In one embodiment, the composition may include the variant SpoT protein of the present disclosure, the polynucleotide encoding the variant SpoT protein, the vector including the polynucleotide, or the strain of the genus Escherichia including the polynucleotide of the present disclosure; a culture medium, in which the strain is cultured; or a combination of two or more thereof.


The composition of the present disclosure may further include arbitrary suitable excipients which are commonly used in compositions for producing amino acids. Such excipients may be, for example, a preservative, a wetting agent, a dispersing agent, a suspending agent, a buffering agent, a stabilizer, or an isotonic agent, etc., but are not limited thereto.

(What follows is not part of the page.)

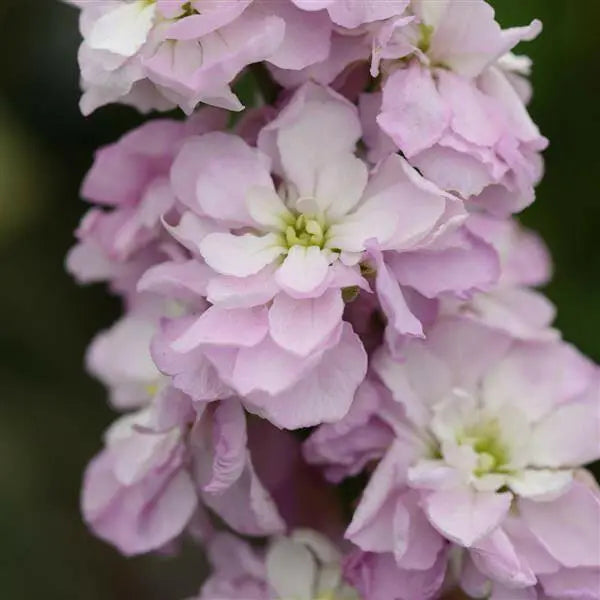 Matthiola Column Pink Sweetheart.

In the composition of the present disclosure, the variant SpoT protein, polynucleotide, vector, strain, medium, L-amino acid, etc. are as described in other aspects.


Still another aspect of the present disclosure provides a method of increasing the L-amino acid producing ability of a microorganism, the method including the step of modifying the microorganism to express the variant SpoT protein of the present disclosure.

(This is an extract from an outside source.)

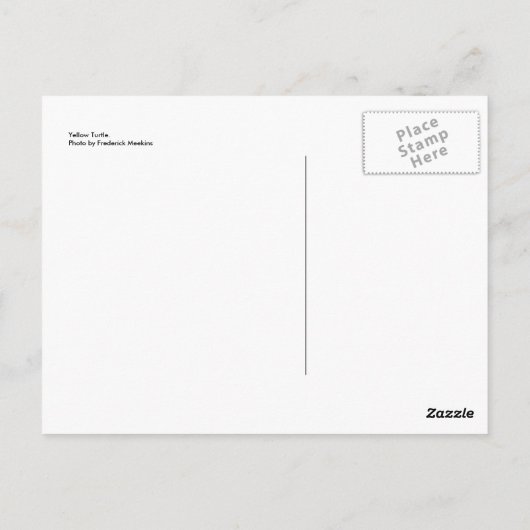 Gelbe Schildkröte Postkarte (Rückseite)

Still another aspect of the present disclosure provides use of the variant SpoT protein in the production of L-amino acids.


The variant SpoT protein, microorganism, L-amino acids, etc. are as described in other aspects.


Meanwhile, throughout this specification, unless the context requires otherwise, the expression “include” “including”, “containing”, etc. will be understood to imply the inclusion of a stated integer or group of integers but not the exclusion of any other integer or group of integers.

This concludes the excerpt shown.